Художник меньше всего заботился о том, чтобы приукрасить персонажей Священной истории. В его изображении они скорее напоминали свирепых и диких вождей древних племен. При взгляде на этих костлявых, худых, босоногих людей казалось, что от них исходит запах бараньего жира, верблюжьего навоза и песков пустыни. Они жили напряженной, суровой жизнью. И сам господь бог в представлении художника не слишком отличался от этих грубых кочевников, исчисляющих свои богатства количеством голов детей и скота. Он только был более могуч и еще более жесток. Достаточно было на него взглянуть, чтобы понять: он и впрямь создал этих людей «по своему образу и подобию». Если только, конечно, не наоборот.

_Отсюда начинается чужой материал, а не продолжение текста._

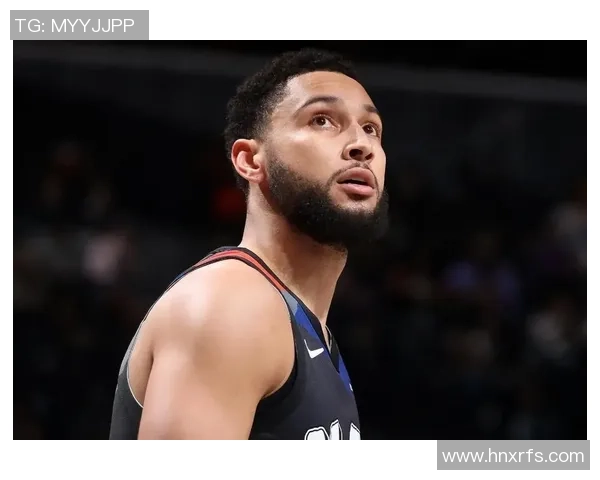 西蒙斯与乔治对决解析谁能在NBA赛场上更胜一筹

На последней странице Библии я обнаружил написанный карандашом дядиной рукой длинный список слов, который меня сразу же заинтриговал. Назову десять первых: алкалоид, анестезия, аркебуза, архаика, ареопаг, баобаб, барокамера, блицкриг, блокгауз, буланжеризм.
Мне сразу бросилось в глаза, что слова были отобраны явно искусственно, хотя, вероятно, с каким-то расчетом. Я взял первый том Ларусса и открыл его на слове «ареопаг», и там между двух листков я обнаружил прикрепленную двумя кусочками скотча к середине страницы акцию достоинством в 10 000 франков. Другие акции — разного достоинства были размещены во всех десяти томах Ларусса на страничках с редкими словами, указанными в списке, составленном дядей.
Общая сумма — 315 000 франков — удивила меня, но отнюдь не потрясла. Должен отметить, что посмертный дар дяди ни на минуту не заставил меня почувствовать себя собственником. Напротив, у меня возникло ощущение, что капитал, как прежде и хозяйство «Семи Буков», вручен мне на хранение и я обязан отчитываться в нем дяде.
Мое решение было принято настолько быстро, что я даже подозреваю, не созрело ли оно во мне еще до моей находки. И я тут же приступил к его осуществлению. Помню, я взглянул на часы и, увидев, что стрелка показывает половину десятого, испытал почти детскую радость оттого, что звонить еще не поздно. В дядиной записной книжке я отыскал номер телефона Гримо и тут же ему позвонил.
— Мсье Гримо?
— Он самый.
— С вами говорит Эмманюэль Конт, бывший директор школы в Мальжаке.
— Чем могу служить, господин директор? — голос звучал доброжелательно, почти сердечно, на это я меньше всего рассчитывал.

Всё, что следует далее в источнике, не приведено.